**Exercise aim:**
Find the lines below holding the word "коротким" and copy each of them.

**Material shown:**
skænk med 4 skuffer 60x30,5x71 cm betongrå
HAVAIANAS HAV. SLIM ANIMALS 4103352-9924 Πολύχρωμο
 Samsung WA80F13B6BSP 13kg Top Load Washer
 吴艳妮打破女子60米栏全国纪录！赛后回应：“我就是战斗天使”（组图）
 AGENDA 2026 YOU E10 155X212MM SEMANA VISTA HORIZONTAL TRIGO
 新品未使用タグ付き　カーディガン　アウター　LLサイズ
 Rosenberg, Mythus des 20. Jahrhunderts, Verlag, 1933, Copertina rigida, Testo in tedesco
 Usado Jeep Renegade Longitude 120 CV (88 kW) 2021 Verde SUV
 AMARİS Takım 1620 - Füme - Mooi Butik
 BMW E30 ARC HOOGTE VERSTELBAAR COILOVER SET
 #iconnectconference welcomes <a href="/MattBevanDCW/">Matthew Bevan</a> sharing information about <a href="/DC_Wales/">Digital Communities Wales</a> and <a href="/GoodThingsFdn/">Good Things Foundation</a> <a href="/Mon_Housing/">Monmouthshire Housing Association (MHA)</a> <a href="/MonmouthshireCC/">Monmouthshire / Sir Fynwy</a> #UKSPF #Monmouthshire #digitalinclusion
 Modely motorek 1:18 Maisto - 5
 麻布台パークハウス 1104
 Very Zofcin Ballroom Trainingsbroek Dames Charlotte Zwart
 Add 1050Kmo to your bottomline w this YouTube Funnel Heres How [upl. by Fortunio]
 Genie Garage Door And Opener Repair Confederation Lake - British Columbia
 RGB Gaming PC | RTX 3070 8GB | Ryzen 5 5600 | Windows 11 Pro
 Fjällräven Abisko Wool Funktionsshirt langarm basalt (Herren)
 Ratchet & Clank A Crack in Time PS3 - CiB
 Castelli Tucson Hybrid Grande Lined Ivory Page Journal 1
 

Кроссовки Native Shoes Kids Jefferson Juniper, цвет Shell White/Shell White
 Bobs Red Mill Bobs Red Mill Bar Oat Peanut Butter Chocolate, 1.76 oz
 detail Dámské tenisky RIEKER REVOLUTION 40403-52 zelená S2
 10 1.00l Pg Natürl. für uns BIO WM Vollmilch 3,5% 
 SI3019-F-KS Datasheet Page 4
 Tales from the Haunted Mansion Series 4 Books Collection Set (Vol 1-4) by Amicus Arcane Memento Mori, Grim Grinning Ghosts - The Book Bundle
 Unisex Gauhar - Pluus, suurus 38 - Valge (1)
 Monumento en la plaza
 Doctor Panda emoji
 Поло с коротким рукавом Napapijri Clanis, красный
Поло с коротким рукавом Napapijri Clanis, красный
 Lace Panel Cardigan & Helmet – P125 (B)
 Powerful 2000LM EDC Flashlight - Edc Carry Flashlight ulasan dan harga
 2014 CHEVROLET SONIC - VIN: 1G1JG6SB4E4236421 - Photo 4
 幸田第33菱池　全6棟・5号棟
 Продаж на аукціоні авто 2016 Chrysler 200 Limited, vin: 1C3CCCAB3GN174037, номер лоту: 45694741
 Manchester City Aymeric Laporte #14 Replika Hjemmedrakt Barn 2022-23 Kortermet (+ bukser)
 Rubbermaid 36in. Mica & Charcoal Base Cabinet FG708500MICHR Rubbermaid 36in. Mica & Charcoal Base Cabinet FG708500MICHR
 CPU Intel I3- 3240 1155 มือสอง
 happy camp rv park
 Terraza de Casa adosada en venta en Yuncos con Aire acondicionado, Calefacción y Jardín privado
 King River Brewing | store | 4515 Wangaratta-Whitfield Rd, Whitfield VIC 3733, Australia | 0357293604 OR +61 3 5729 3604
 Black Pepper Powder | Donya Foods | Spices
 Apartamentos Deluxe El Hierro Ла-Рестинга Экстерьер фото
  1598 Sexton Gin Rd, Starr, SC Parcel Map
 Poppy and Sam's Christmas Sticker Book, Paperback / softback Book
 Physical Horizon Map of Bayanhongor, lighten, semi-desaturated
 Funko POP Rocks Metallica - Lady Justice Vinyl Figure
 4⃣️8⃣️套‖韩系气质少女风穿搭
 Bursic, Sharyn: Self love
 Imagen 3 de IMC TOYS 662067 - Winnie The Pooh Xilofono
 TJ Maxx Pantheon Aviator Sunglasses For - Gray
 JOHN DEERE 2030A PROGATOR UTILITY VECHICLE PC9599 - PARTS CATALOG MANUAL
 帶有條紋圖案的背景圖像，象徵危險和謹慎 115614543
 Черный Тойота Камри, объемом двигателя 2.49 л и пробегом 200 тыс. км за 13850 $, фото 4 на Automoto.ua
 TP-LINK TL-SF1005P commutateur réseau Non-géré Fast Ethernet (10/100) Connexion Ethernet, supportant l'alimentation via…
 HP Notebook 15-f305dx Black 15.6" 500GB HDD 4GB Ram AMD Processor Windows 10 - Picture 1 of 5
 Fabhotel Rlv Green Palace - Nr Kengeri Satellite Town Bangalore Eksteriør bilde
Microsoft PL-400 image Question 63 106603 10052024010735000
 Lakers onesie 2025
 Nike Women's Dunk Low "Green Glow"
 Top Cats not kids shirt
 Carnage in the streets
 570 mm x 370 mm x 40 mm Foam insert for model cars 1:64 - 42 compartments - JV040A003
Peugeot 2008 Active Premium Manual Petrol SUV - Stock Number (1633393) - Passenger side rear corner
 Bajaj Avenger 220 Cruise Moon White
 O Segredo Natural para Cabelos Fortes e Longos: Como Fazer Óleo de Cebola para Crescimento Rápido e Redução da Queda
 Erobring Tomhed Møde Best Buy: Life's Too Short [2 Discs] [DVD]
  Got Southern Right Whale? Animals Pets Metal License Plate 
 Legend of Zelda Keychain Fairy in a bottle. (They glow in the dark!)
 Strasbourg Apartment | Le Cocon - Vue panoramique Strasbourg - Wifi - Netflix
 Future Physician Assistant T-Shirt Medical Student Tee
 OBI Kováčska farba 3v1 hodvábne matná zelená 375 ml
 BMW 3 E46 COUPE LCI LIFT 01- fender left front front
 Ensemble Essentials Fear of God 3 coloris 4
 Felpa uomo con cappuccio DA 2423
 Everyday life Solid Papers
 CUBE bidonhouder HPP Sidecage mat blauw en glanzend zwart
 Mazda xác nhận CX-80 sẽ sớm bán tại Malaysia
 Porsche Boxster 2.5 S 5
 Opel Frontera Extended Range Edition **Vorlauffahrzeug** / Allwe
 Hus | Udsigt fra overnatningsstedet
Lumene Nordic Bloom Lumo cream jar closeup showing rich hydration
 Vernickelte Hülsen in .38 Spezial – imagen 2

**Completed exercise:**
 Поло с коротким рукавом Napapijri Clanis, красный
Поло с коротким рукавом Napapijri Clanis, красный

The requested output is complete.